• **WHAT YOU NEED TO DO**
Each record here should be printed again exactly; please leave its pictures out.

[Short text fragments from websites]

──────────────────────────────

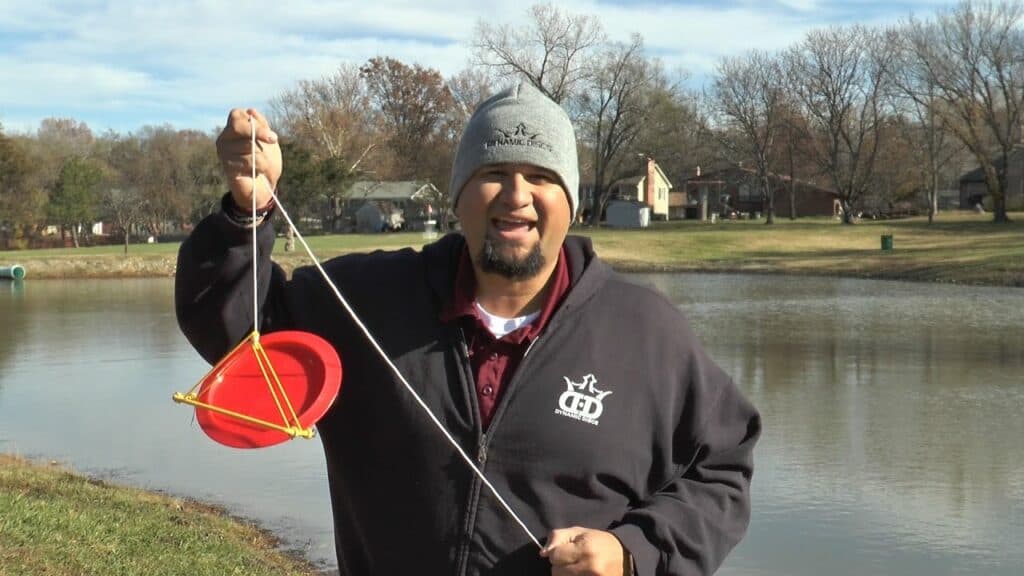 A disc golfer using a retriever to get a disc out of water.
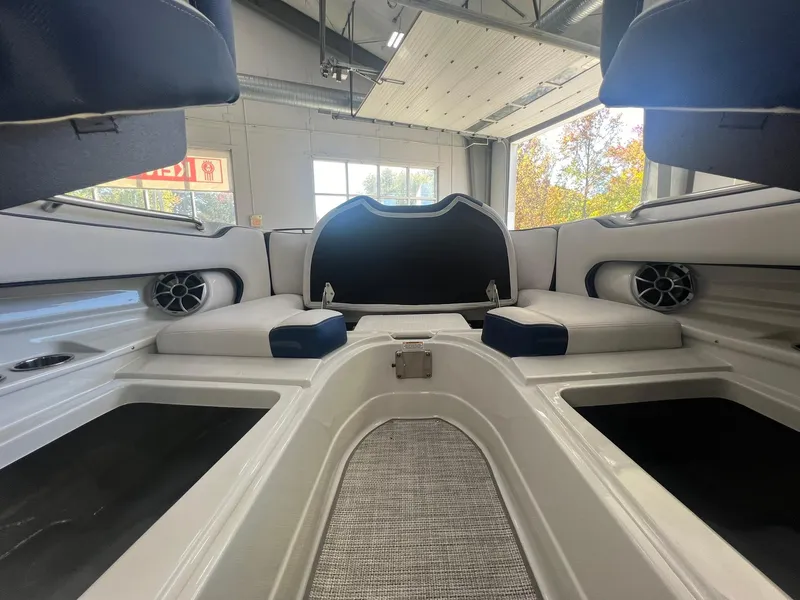 Slide: The Image of Interior view of 2025 Crownline Eclipse E260 XS boat, featuring spacious seating and modern design. - 14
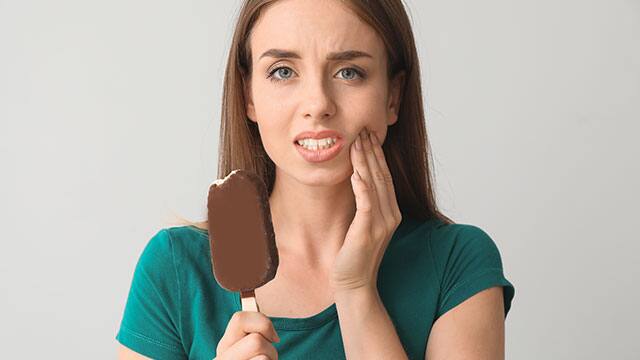 Young woman is feeling tooth ache while eating ice cream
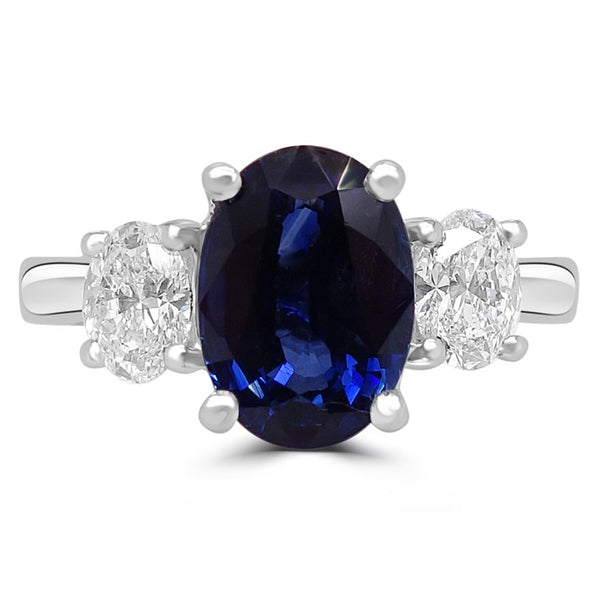 Platinum 2.63ct Oval Cut Sapphire And 0.63ct Diamond Three Stone Engagement Ring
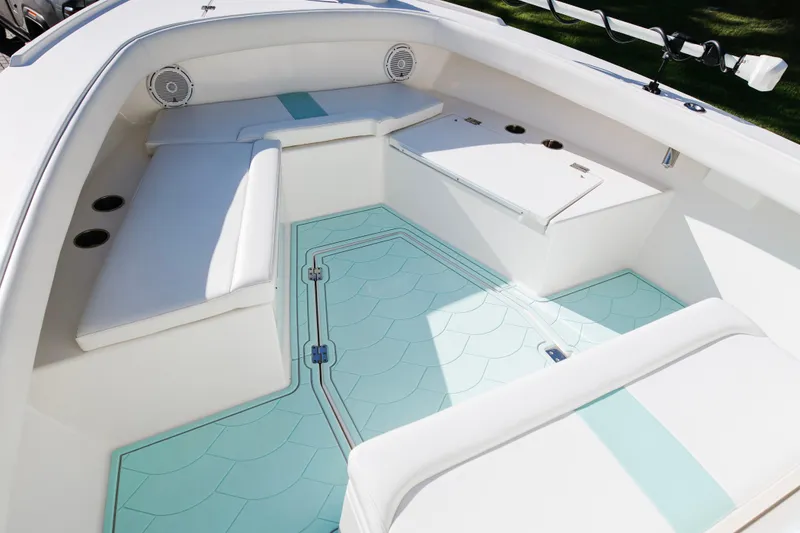 Slide: The Image of 2017 Albury Brothers center console boat interior with cushioned seating and teal flooring. - 23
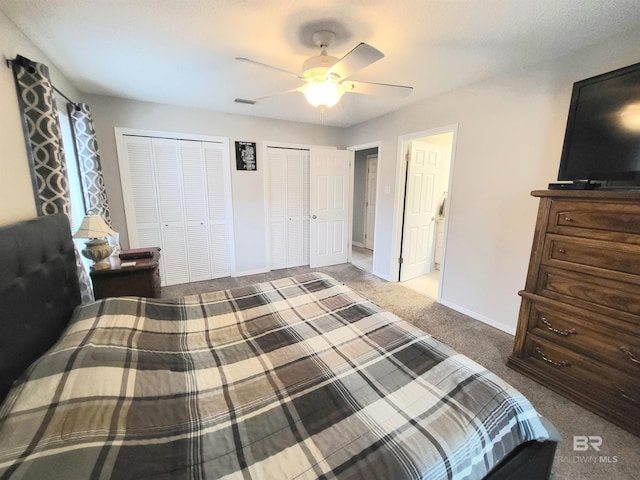 bedroom featuring carpet, two closets, and ceiling fan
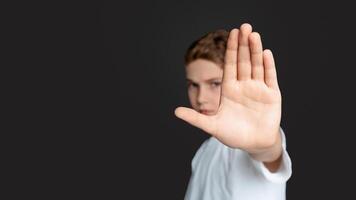 Domestic violence and child abuse. Boy showing stop gesture with his hand, gray background photo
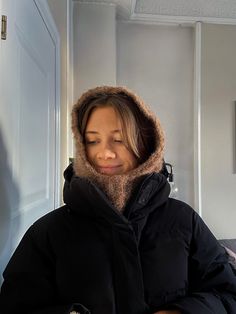 a woman in a black jacket is looking down at her cell phone while wearing a fur hood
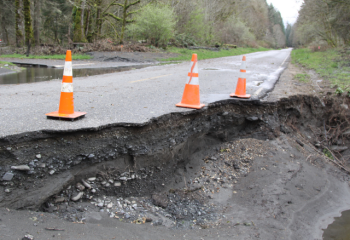 road washout with traffic cones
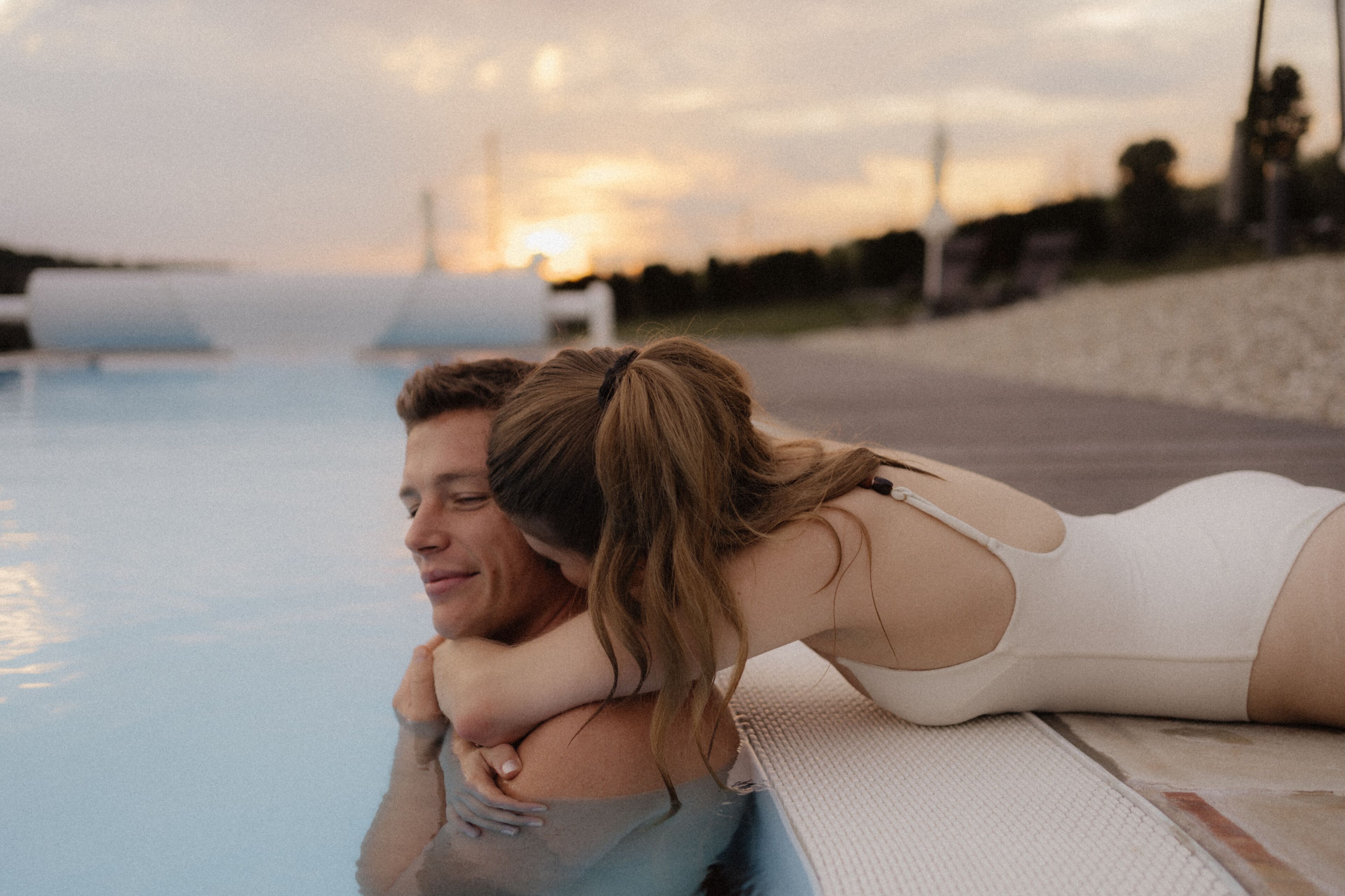 Una pareja se abraza junto a una piscina con un atardecer de fondo.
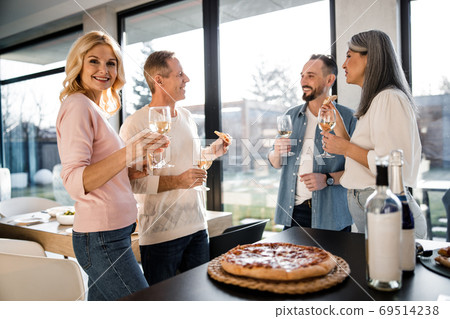 Pretty woman spending time with her friends Pretty woman spending time with her friends 69514238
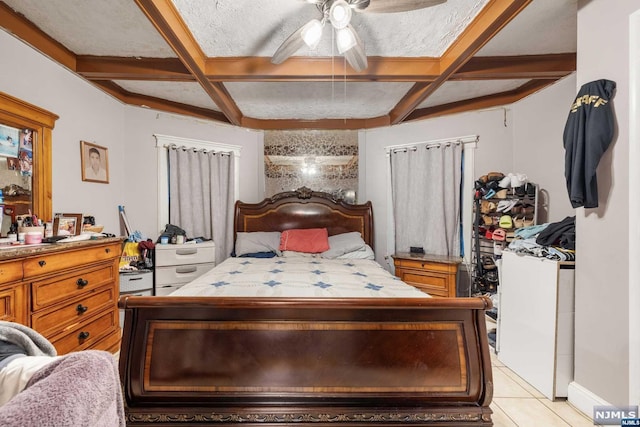 bedroom featuring ceiling fan, coffered ceiling, light tile patterned flooring, and a textured ceiling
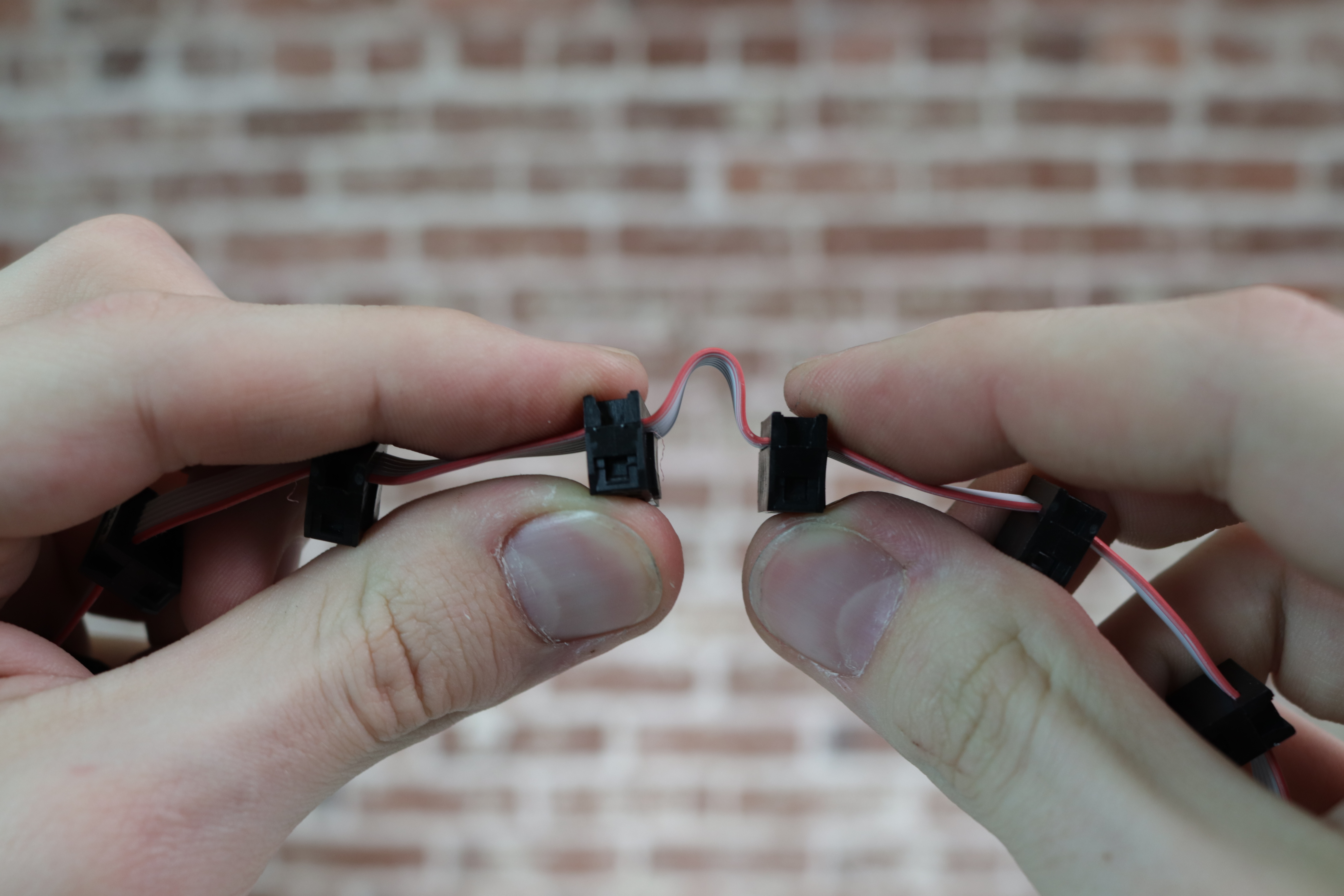 Bending the cable between two connectors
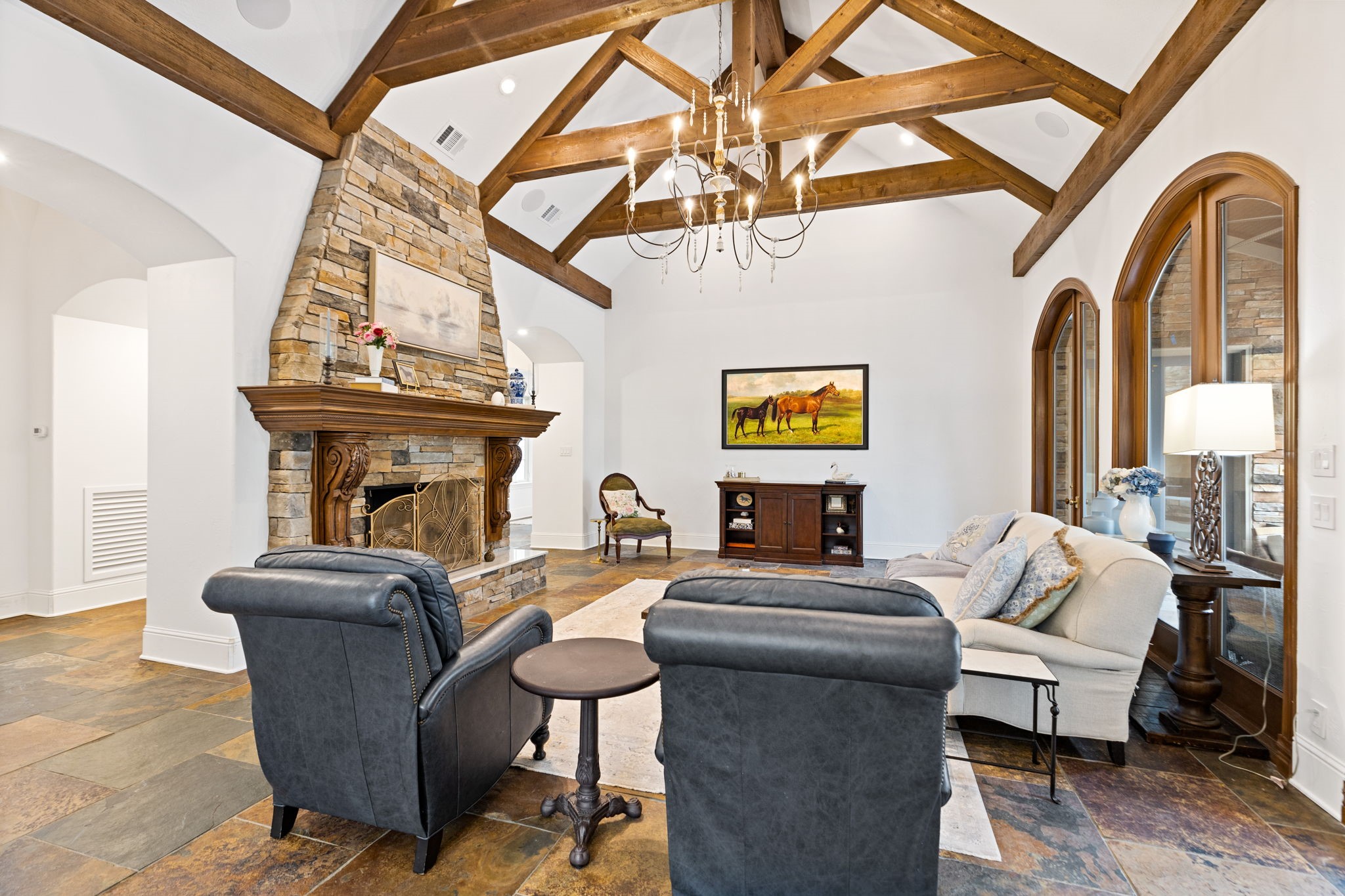 38223 Windy Ridge Trail Magnolia, TX 77355 - Photo 11 of 48 This fabulous family room features a high vaulted ceiling with exposed wooden beams, a stone fireplace, and elegant arch windows that overlook the pool. Gorgeous chandelier adds a touch of sophistication.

──────────────────────────────

• **WORKED SOLUTION**
 A disc golfer using a retriever to get a disc out of water.
 Slide: The Image of Interior view of 2025 Crownline Eclipse E260 XS boat, featuring spacious seating and modern design. - 14
 Young woman is feeling tooth ache while eating ice cream
 Platinum 2.63ct Oval Cut Sapphire And 0.63ct Diamond Three Stone Engagement Ring
 Slide: The Image of 2017 Albury Brothers center console boat interior with cushioned seating and teal flooring. - 23
 bedroom featuring carpet, two closets, and ceiling fan
 Domestic violence and child abuse. Boy showing stop gesture with his hand, gray background photo
 a woman in a black jacket is looking down at her cell phone while wearing a fur hood
 road washout with traffic cones
 Una pareja se abraza junto a una piscina con un atardecer de fondo.
 Pretty woman spending time with her friends Pretty woman spending time with her friends 69514238
 bedroom featuring ceiling fan, coffered ceiling, light tile patterned flooring, and a textured ceiling
 Bending the cable between two connectors
 38223 Windy Ridge Trail Magnolia, TX 77355 - Photo 11 of 48 This fabulous family room features a high vaulted ceiling with exposed wooden beams, a stone fireplace, and elegant arch windows that overlook the pool. Gorgeous chandelier adds a touch of sophistication.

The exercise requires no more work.